While sitting in the saddle (and someone holds your horse), keep your feet in the stirrups and draw your knees up over the saddle flaps. This makes the seat bones more defined. Are they pointing forward, back or down?  Change your pelvic tilt to go from hollow backed to rounded and feel where your seat bones go. It helps to move from one extreme to the other after all you can only find warm if you first know hot and cold. Your seat bones should point straight down, (with an equal amount of weight on each) and this should help you be closer to neutral spine. Your stirrups should be at a length that helps position your thigh at approximately 42%- 45% angle, which is shorter than many people ride. With your thighs at this angle and snuggly connected to the saddle you create a more solid base of support for the rest of your body and later can use your thighs, pelvic floor connection and muscle tone to draw the horses back up under you, and correctly put the horse on the bit, instead of riding badly by wiggling and fiddling with the reins to put the horses head down! The final correction at the halt, at this stage, is placing your lower leg back to form a straight line from shoulder, hip, to heel with the riders foot lightly placed in the stirrup.  ‘Generally speaking, I might add that in case of doubt it is better to have the stirrups one hole too short than one hole too long…. If they are too long, you are making a sacrifice for the sake of alleged good form that must be paid for dearly, for every inch of excessive stirrup length loosens the seat and deprives the rider of control.’ (Excerpt from ‘A Complete Book on Training the Horse and Its Rider’, by Waldemar  Seunig 1956).  

The horse is a mirror image of the rider/ and the rider an image of the horse.  One example of this is a crooked horse causing a rider to become crooked or to sit poorly and vice versa. It is however, the responsibility of the rider to first correct their own position, to then enable the horse to change, and not to expect the horse to go correctly when the rider is so crooked. A more experienced rider thinks ‘what should I change in me to correct my horse’ and an even more gifted rider makes body corrections before the horse has a chance to evade, and probably without consciously thinking about it. Obviously, some horses are easier to change than others, with horses that are mentally tough being more difficult to ride.

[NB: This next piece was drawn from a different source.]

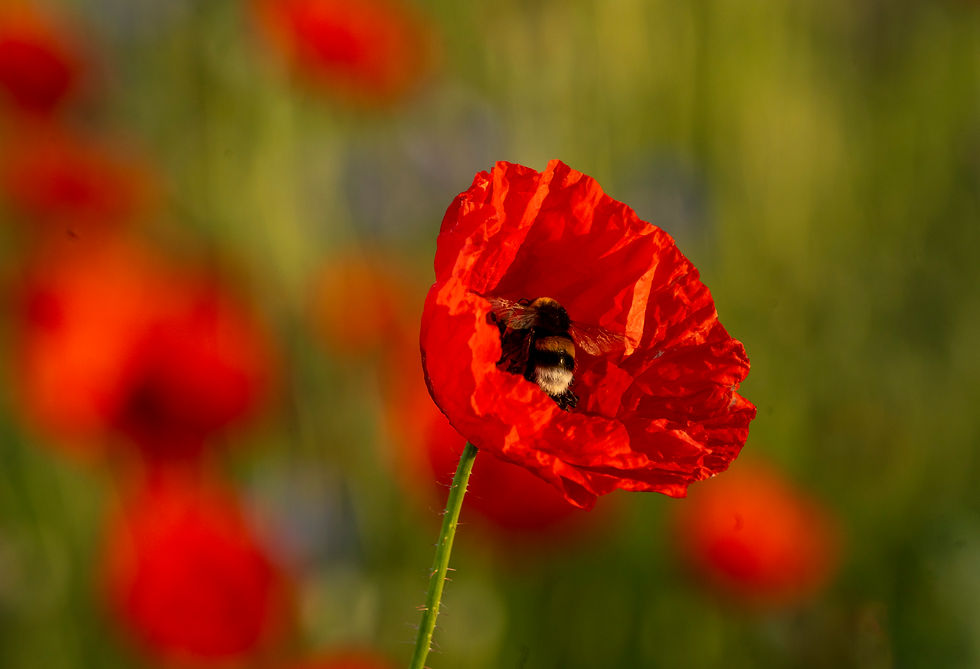GET DUSTY May 2026 - Wildflowers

The old adage of a rider having shoulder, hip, heel alignment is more important than most riders realize. A phrase from Pony Club! When you keep correct alignment, the horse could be magically removed from under you and you would land on your feet, because you were in a balanced position. If your legs are too far forward and or your shoulders behind the vertical, you would land on your bottom or legs too far back, on your face. Leaning back behind the vertical has become a bit of a fad. Some riders say it’s their driving seat, but it is possible to establish power from the rider’s core and lower back without leaning back, and the rider then doesn’t risk getting too far behind the movement (the seat itself should not actually “push or drive”). Some riders constantly lean back and are very successful riders (and could be better still with some tweeking). But they usually have a really strong core and base of support to compensate for the fault, while most main stream riders do not.

Your mind will play tricks on you.  Your changes may feel bigger than they are and weird. So you need to think of weird as wonderful! Have someone video or take a photo to prove you are now not standing on your head with your feet above your ears!!

 I have just touched on a few basic points, but I hope it will encourage you to reflect on your riding from a different perspective. Mary Wanless is considered the pioneer of rider biomechanics and published her first book in 1987 (Ride with Your Mind books & DVD’s). Mary’s extensive scientific research is not a “new theory” but a new way of approaching your riding. It is interesting that some of her own research is backed up in writings of Waldemar Seunig, considered an “Old Master of Classical Horsemanship”.